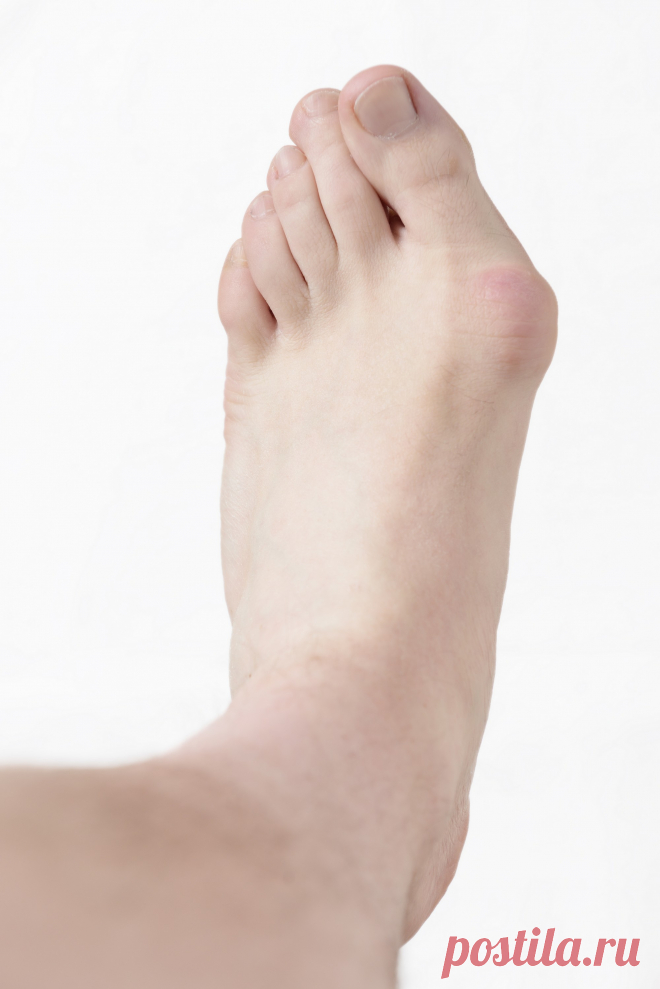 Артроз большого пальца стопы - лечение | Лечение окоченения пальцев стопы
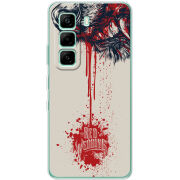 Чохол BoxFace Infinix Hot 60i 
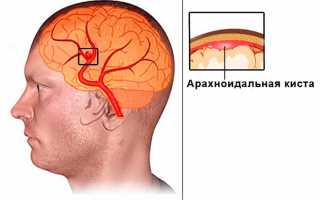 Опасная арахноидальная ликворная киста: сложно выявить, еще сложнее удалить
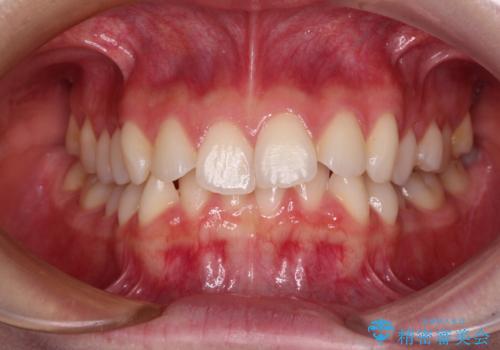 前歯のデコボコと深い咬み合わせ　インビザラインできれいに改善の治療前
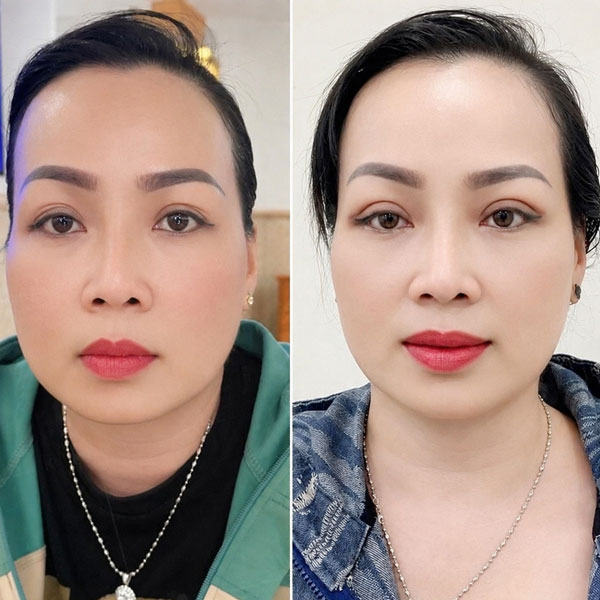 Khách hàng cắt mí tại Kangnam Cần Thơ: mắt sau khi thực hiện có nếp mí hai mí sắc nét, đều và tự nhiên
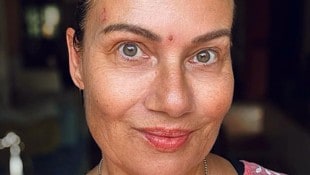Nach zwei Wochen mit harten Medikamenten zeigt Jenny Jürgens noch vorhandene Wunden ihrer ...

▬▬▬▬▬▬▬▬▬▬

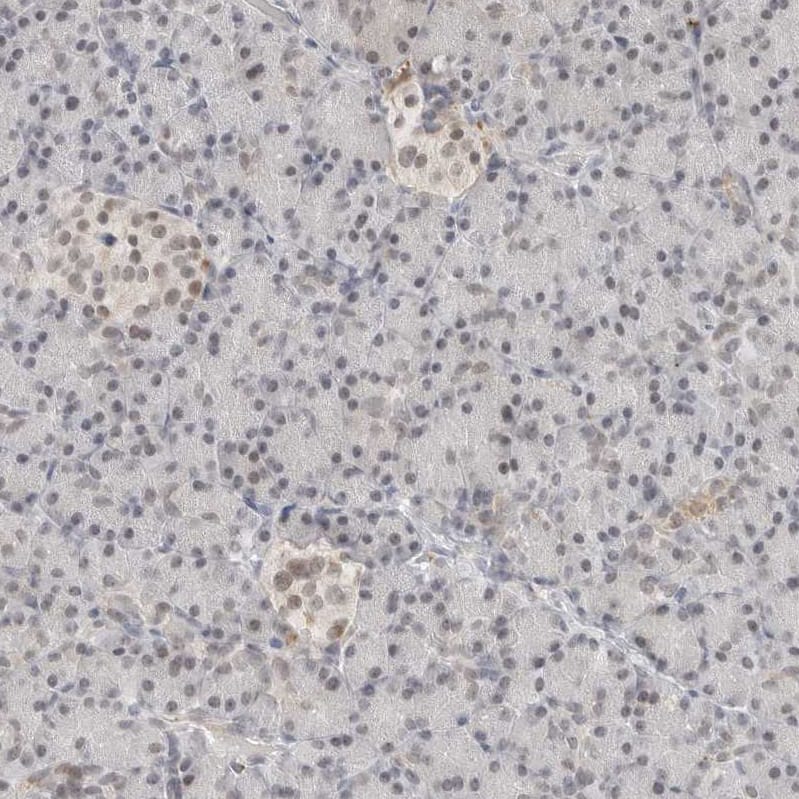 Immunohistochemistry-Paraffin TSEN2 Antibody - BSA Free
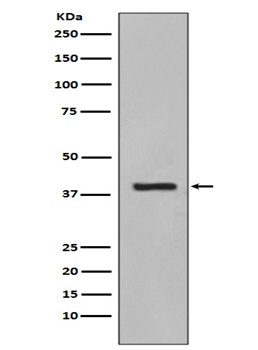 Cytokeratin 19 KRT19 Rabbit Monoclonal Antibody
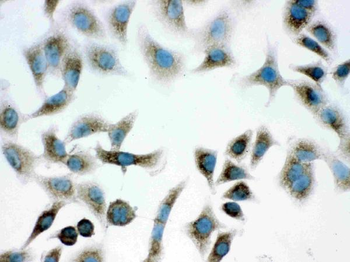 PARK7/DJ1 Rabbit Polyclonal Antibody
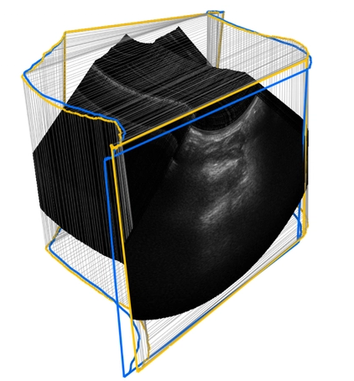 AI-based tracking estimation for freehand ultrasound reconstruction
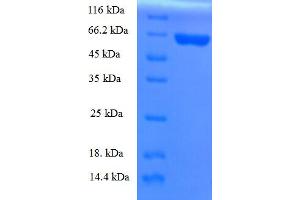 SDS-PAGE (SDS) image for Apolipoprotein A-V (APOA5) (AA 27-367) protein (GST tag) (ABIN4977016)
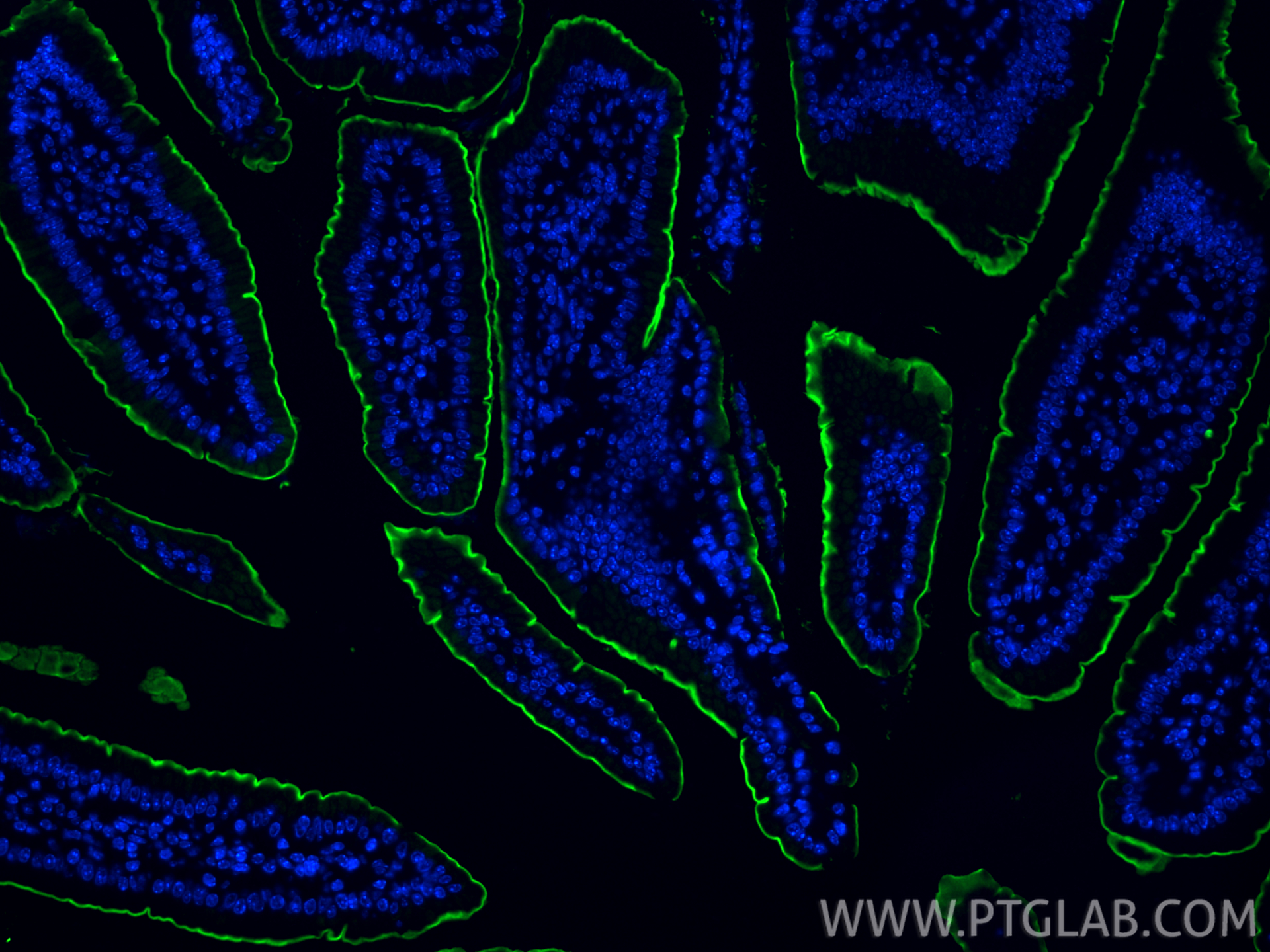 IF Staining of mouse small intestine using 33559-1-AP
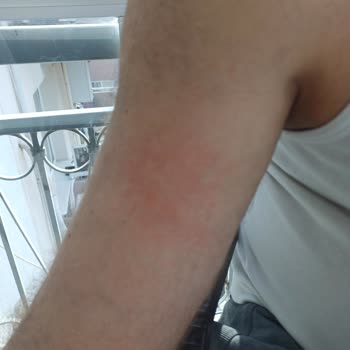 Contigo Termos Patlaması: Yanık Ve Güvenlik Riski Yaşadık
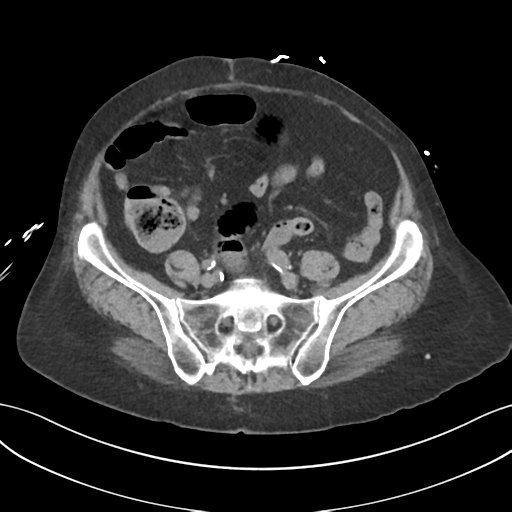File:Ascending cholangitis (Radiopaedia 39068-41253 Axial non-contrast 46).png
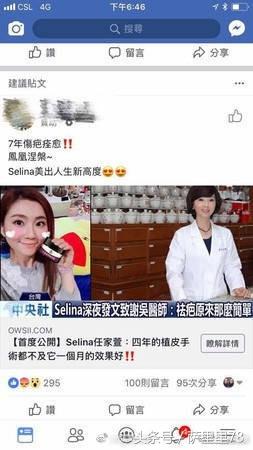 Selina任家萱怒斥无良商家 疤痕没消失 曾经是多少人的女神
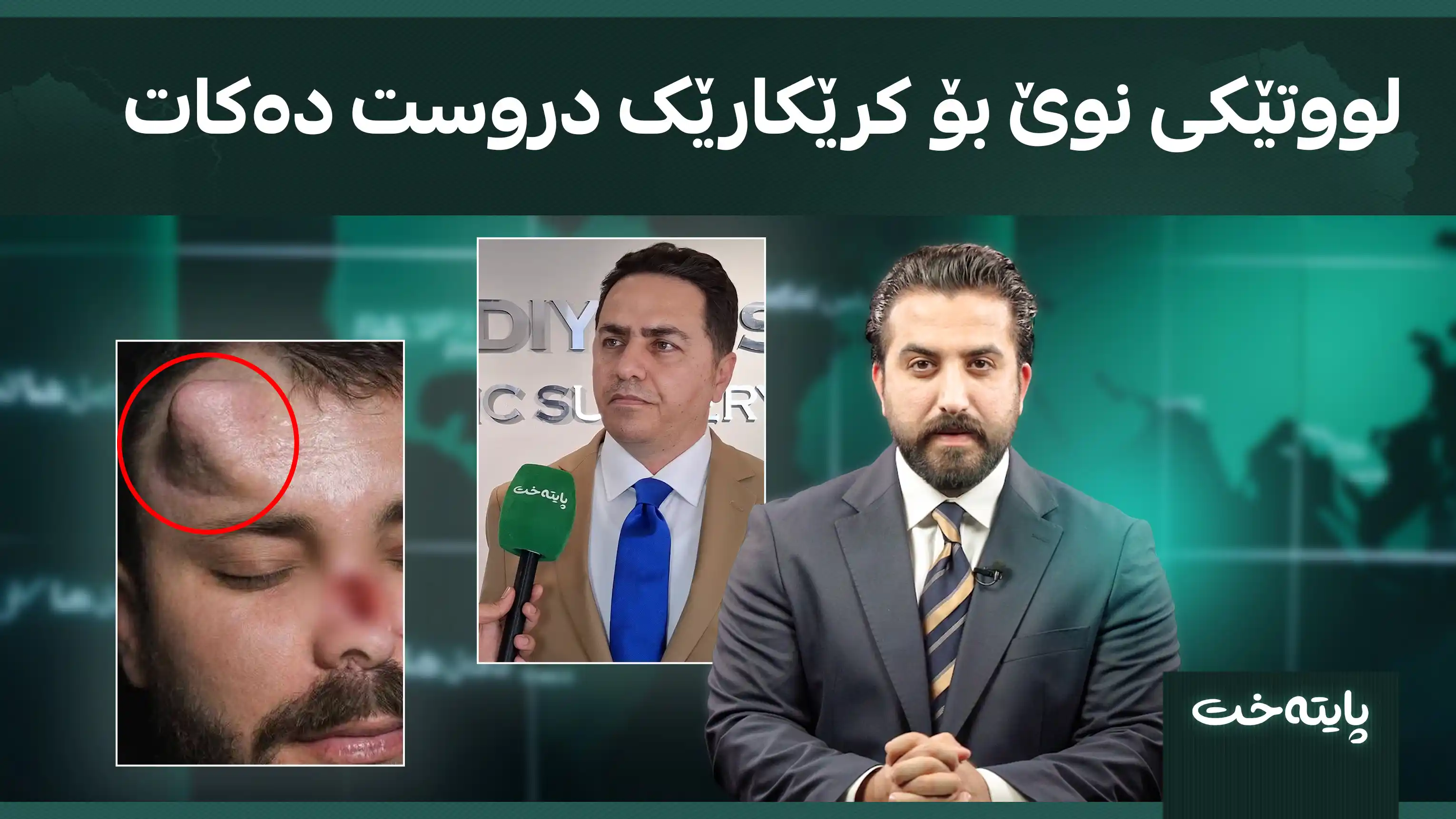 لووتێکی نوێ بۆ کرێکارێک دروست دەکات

▬▬▬▬▬▬▬▬▬▬

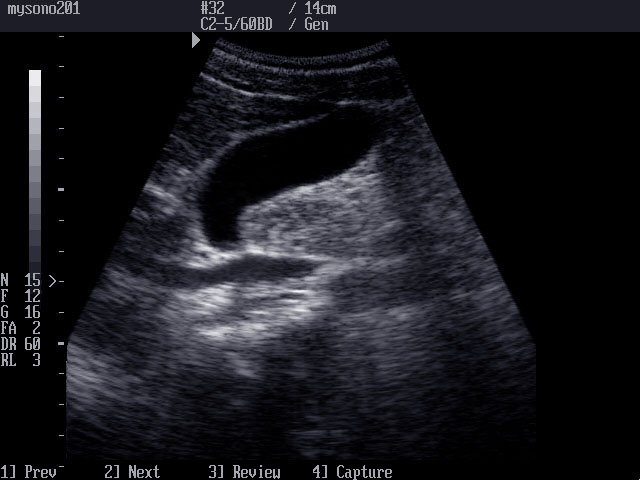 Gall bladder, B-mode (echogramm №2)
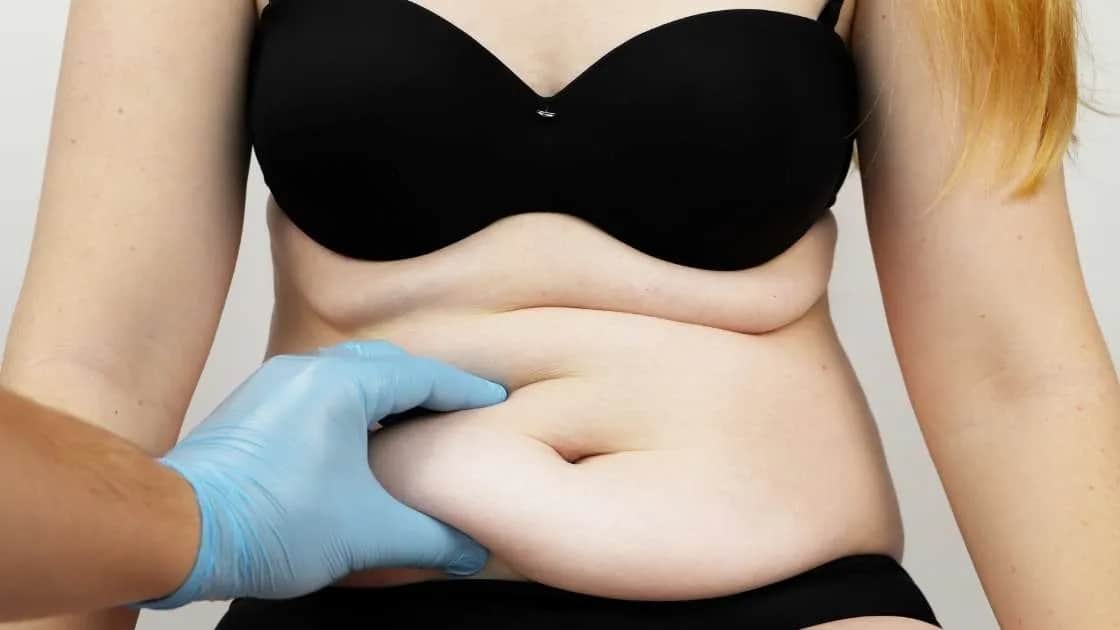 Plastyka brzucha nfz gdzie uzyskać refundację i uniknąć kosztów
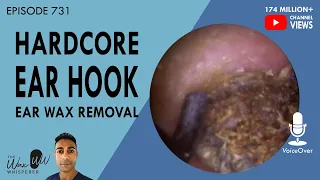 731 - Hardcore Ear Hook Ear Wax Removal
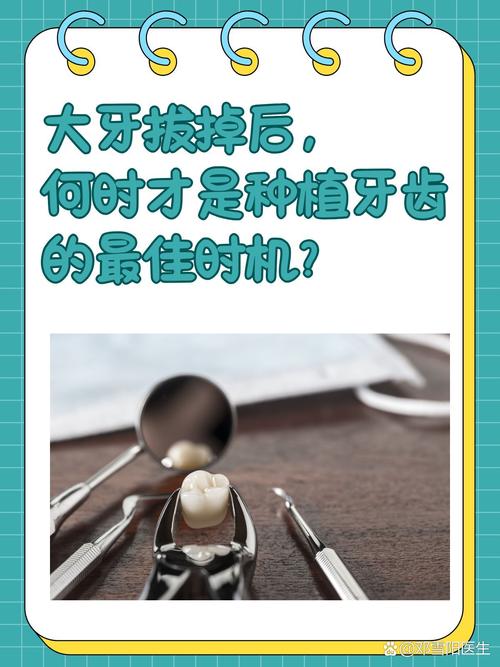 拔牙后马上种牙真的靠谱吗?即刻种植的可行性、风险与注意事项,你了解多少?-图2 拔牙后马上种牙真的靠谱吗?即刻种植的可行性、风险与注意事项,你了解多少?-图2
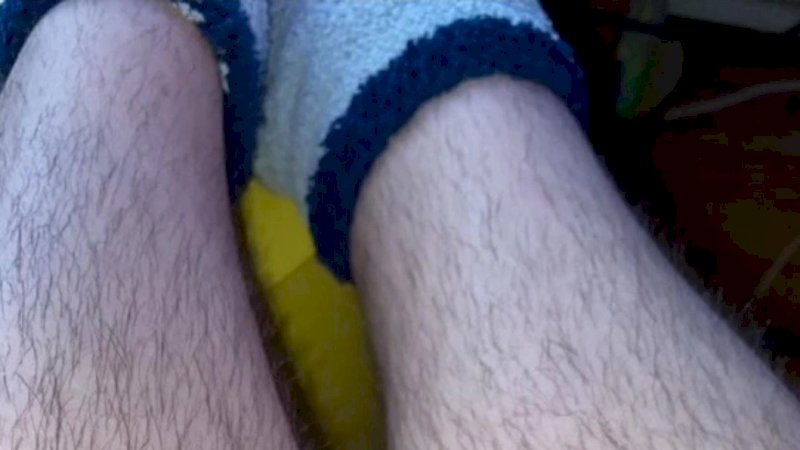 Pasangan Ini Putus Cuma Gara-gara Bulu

▬▬▬▬▬▬▬▬▬▬

* _YOUR TASK_: Up in the listing, locate the line with "Артроз большого пальца"; print it and every line after it down to the line with "前歯のデコボコと深い咬み合わせ　インビザラインできれいに改善の治療前", which is included too. Skip the pictures.

* _REPLY TO THE TASK_:
 Артроз большого пальца стопы - лечение | Лечение окоченения пальцев стопы
 Чохол BoxFace Infinix Hot 60i 
 Опасная арахноидальная ликворная киста: сложно выявить, еще сложнее удалить
 前歯のデコボコと深い咬み合わせ　インビザラインできれいに改善の治療前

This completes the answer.